If you aren’t able to stay open hearted, shine a light on it.  Be brutally honest.  What is going on inside of you?

Do you close your heart with fear/hate in any situation you can envision?  Most humans do.

Why does this matter?  Aren’t we supposed to be protecting ourselves?  (of course, but I contend that keeping an open heart will always serve us:  we will keep a clear head and INTUITIVELY KNOW when there is actually a threat that we need to act on.)

The deal is that it starts with each of us.  If we are able to stay loving no matter what atrocities or fears we are faced with, we can heal.  If we go dark, there is no healing, only more suffering.  We are either part of the problem or part of the solution.

I deeply believe that we are here on this planet spinning around a small star in a vast expanse of open space to shine our light as bright as we can in each moment (and shine = work really, really hard on whatever is in front of us to make the world a better place, with boundless love in our hearts).   If there are certain situations or scenarios that bring up hate, we need to root it out if we want our world to be a better place.  Hate is contagious, but fortunately so is love. And love *can* melt a heart hardened with hate.

It takes great strength and faith to remain loving, shining, in dark times.  But that is the only way we are going to heal this darkness and move into a better time of humanity.
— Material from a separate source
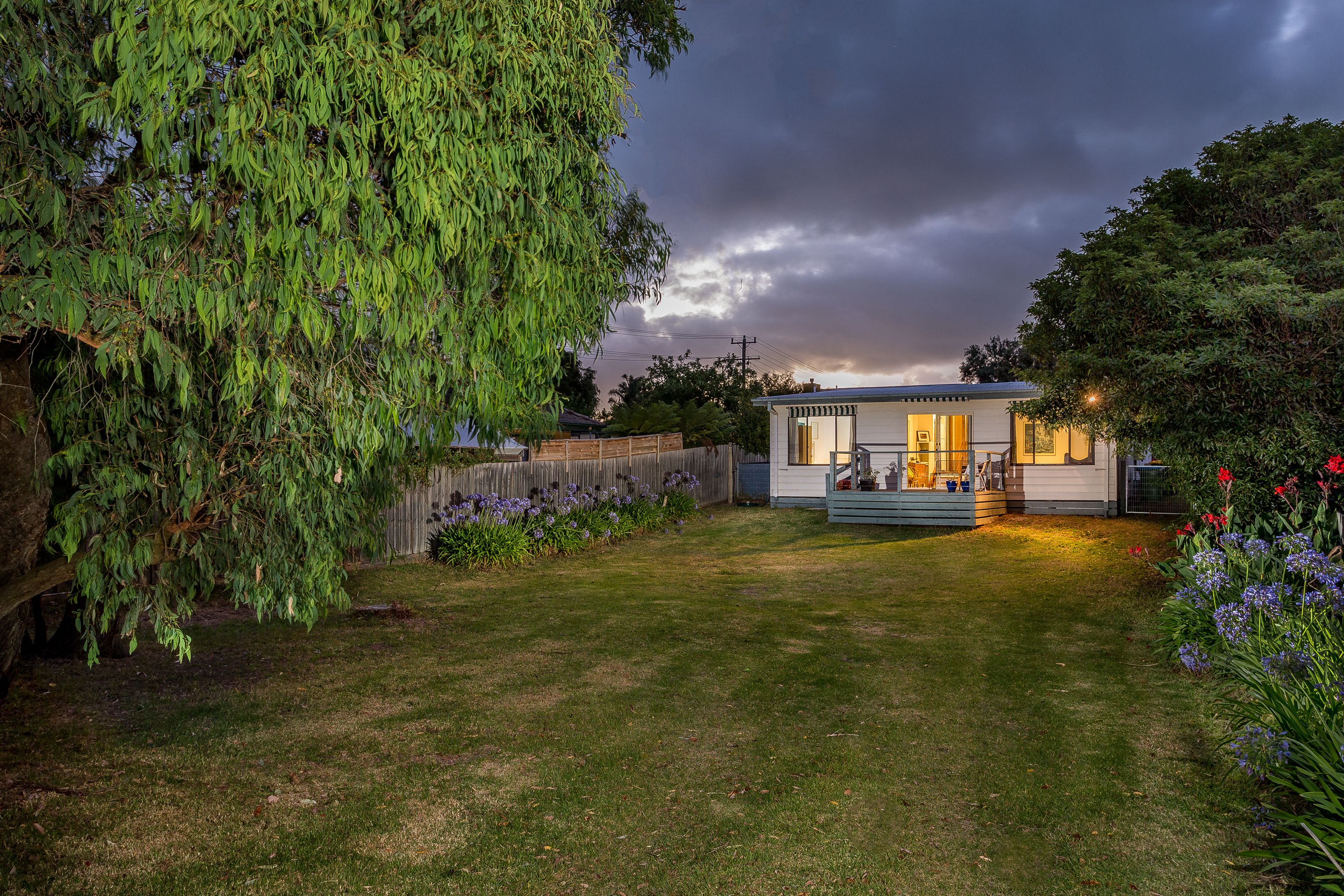 64 Leon Avenue, Rosebud VIC 3939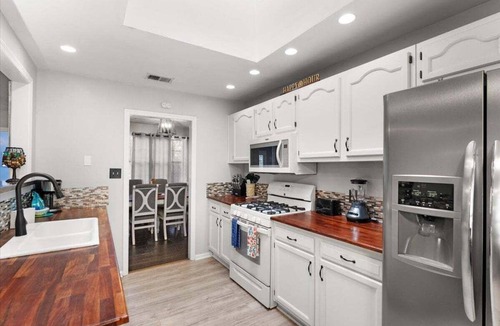 Savannah House | Charming Savannah Family Home, Game Room, Dog Friendly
We are each responsible for our own light – don’t ever give up that power.  Don’t ever blame losing your shine on someone or something outside of yourself.  Work to find a way to shine love as bright as you can NO MATTER WHAT LIFE THROWS AT YOU.  If we stop shining, then terrorism really wins.

LOVE is what beats terrorism.  LOVE.  Not just “going about business as usual” and definitely not hate.  Hate truly means that the terrorists won.